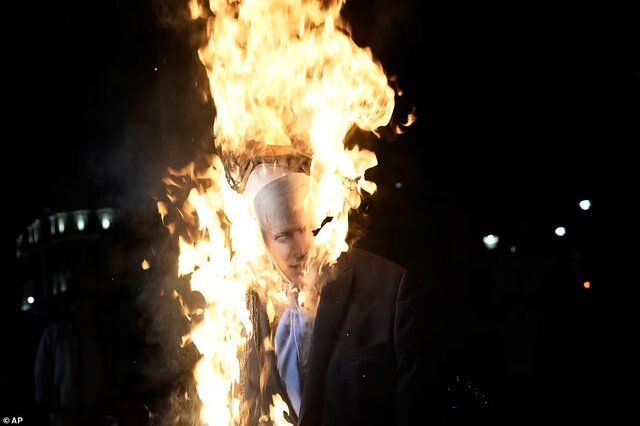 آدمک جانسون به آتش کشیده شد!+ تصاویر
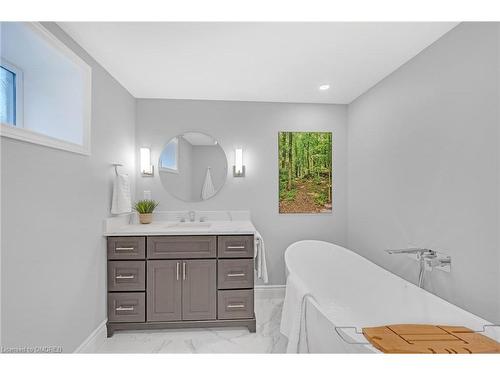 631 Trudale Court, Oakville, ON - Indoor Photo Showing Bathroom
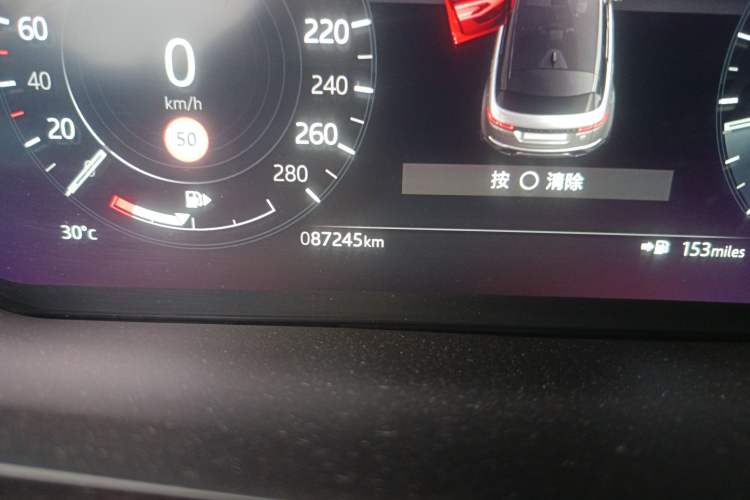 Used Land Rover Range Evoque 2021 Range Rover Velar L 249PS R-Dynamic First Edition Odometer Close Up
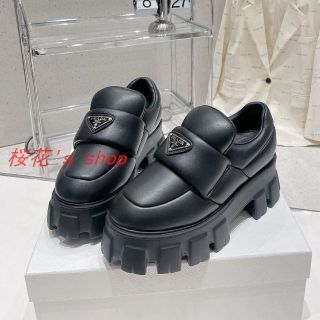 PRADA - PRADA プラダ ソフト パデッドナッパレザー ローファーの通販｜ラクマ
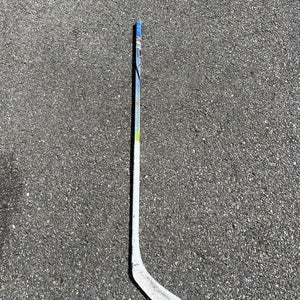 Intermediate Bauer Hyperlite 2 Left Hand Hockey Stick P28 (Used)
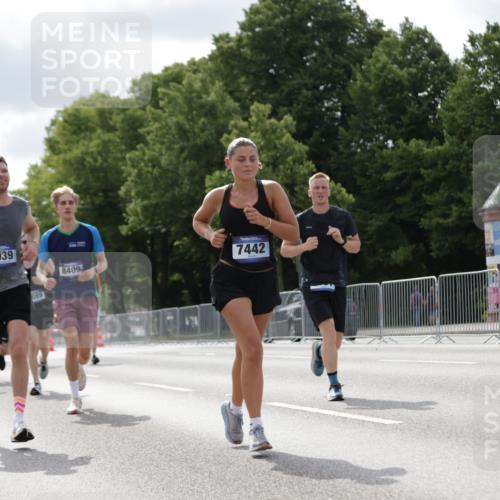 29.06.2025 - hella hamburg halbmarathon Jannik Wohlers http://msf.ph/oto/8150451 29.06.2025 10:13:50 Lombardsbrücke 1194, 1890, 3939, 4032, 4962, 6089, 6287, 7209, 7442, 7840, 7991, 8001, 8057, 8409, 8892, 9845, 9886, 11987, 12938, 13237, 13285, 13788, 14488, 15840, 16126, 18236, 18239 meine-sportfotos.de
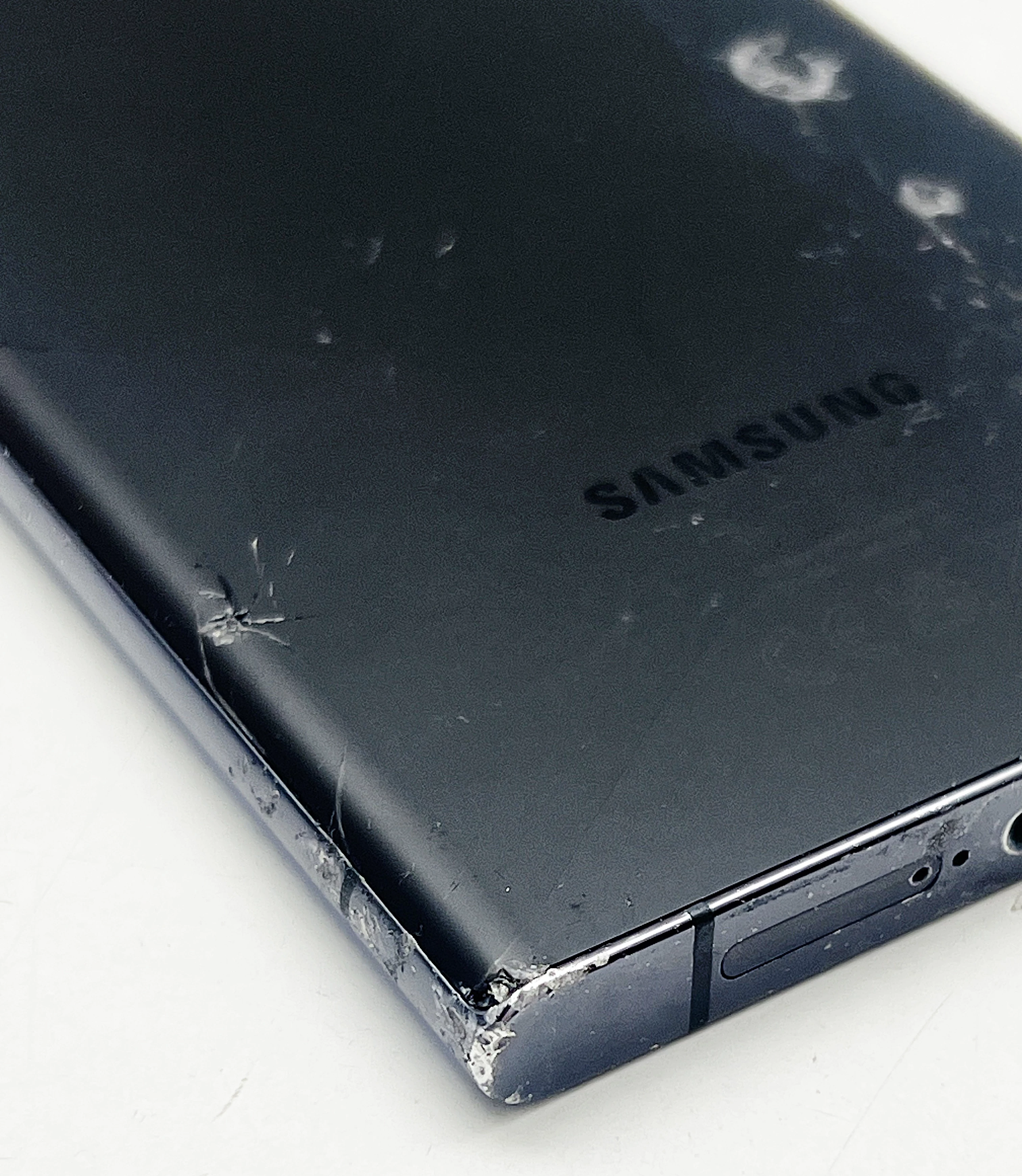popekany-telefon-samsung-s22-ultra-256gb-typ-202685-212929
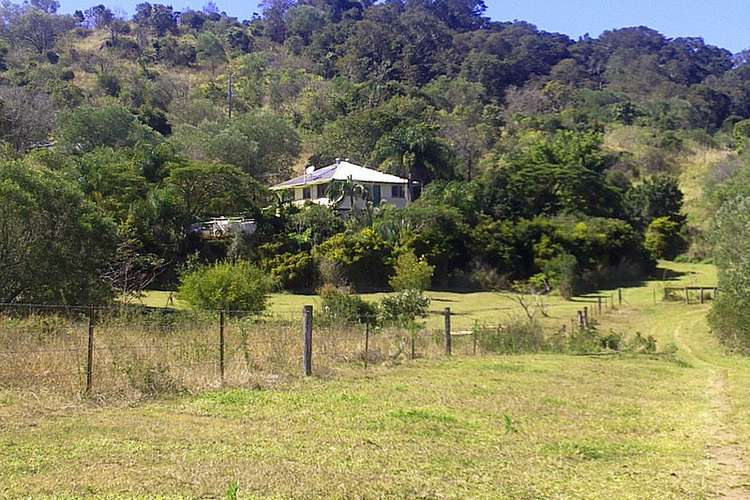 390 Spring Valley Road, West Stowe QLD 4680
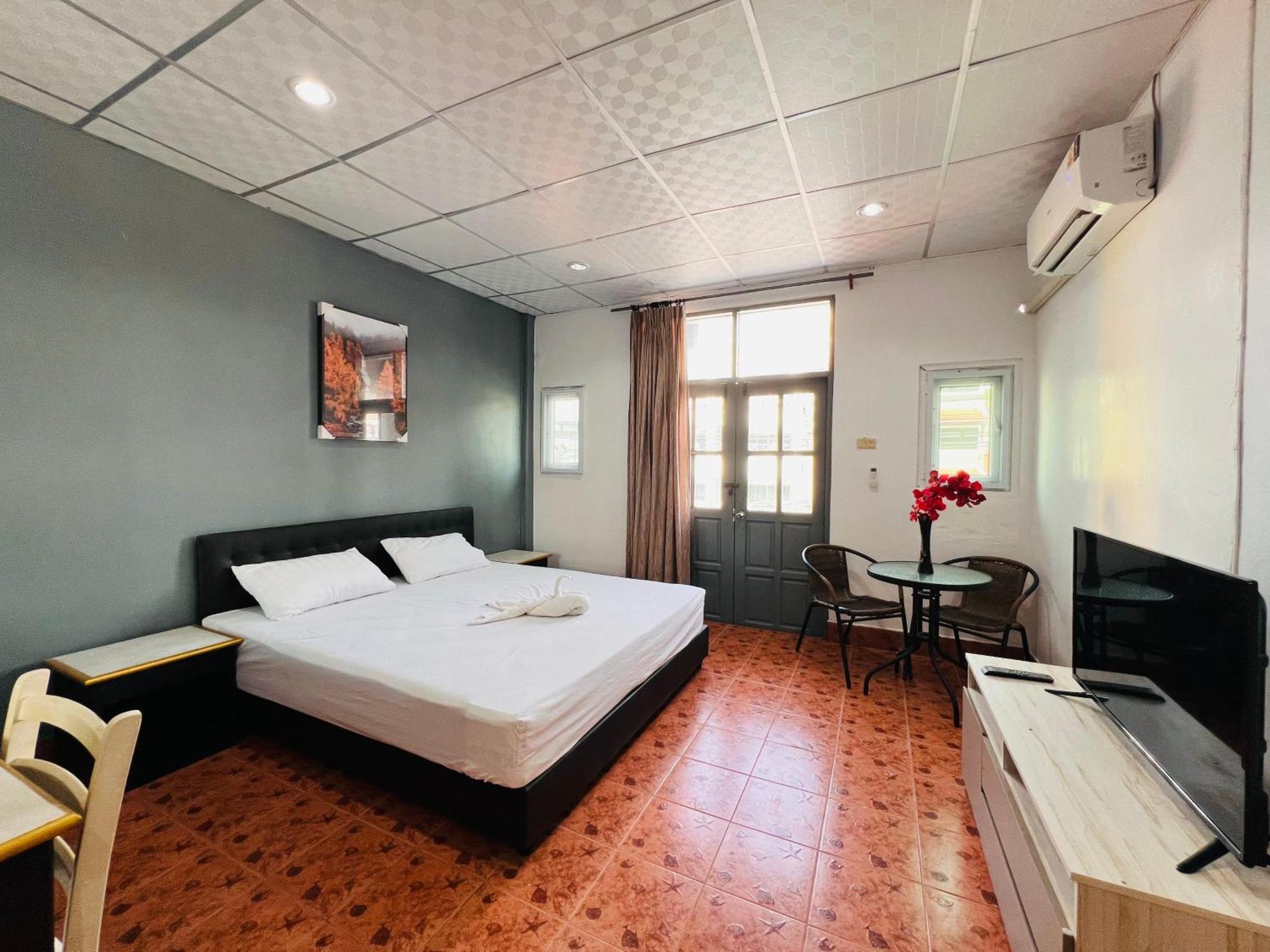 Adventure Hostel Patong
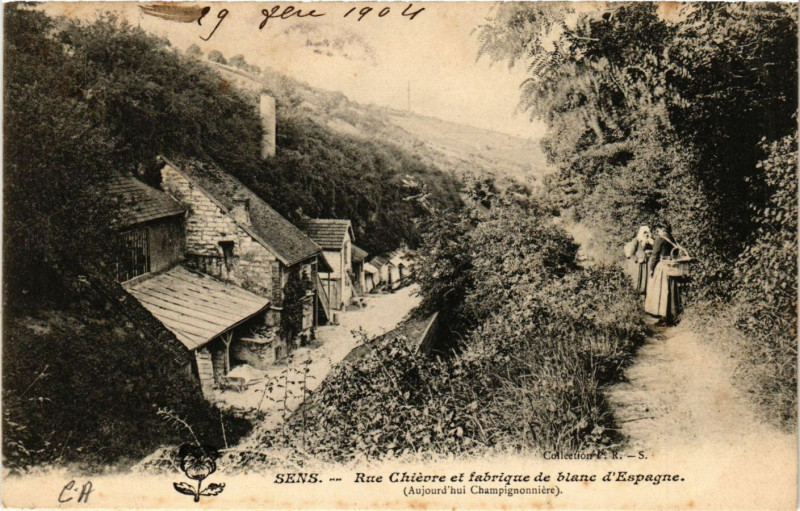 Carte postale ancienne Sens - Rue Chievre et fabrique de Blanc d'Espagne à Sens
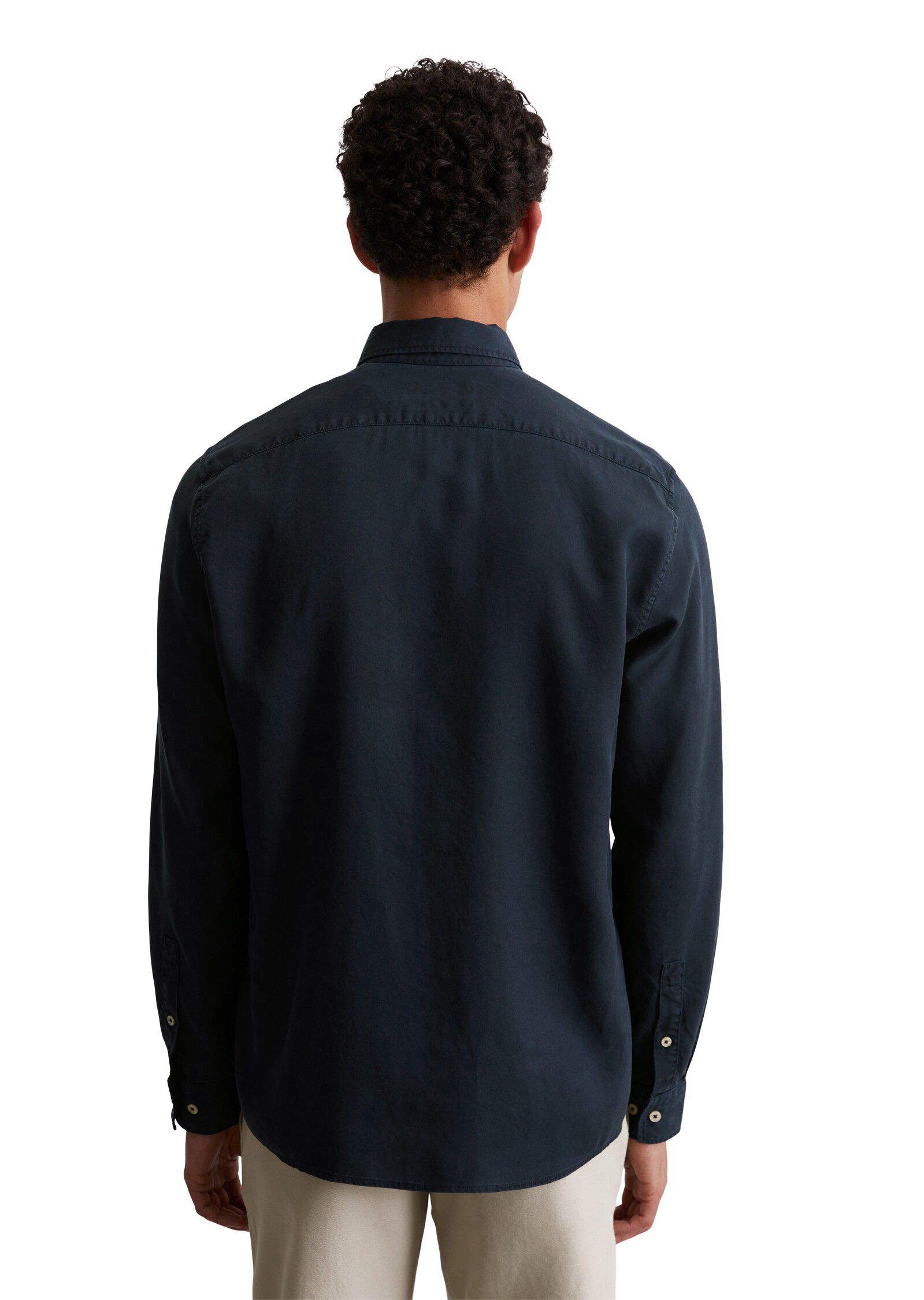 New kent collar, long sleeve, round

|---|

**WORK TO COMPLETE:**
From the line with "29.06.2025 - hella" down to the last line of the entries above, set down every line exactly, apart from the pictures.

**FINISHED TASK:**
 29.06.2025 - hella hamburg halbmarathon Jannik Wohlers http://msf.ph/oto/8150451 29.06.2025 10:13:50 Lombardsbrücke 1194, 1890, 3939, 4032, 4962, 6089, 6287, 7209, 7442, 7840, 7991, 8001, 8057, 8409, 8892, 9845, 9886, 11987, 12938, 13237, 13285, 13788, 14488, 15840, 16126, 18236, 18239 meine-sportfotos.de
popekany-telefon-samsung-s22-ultra-256gb-typ-202685-212929
 390 Spring Valley Road, West Stowe QLD 4680
 Adventure Hostel Patong
 Carte postale ancienne Sens - Rue Chievre et fabrique de Blanc d'Espagne à Sens
 New kent collar, long sleeve, round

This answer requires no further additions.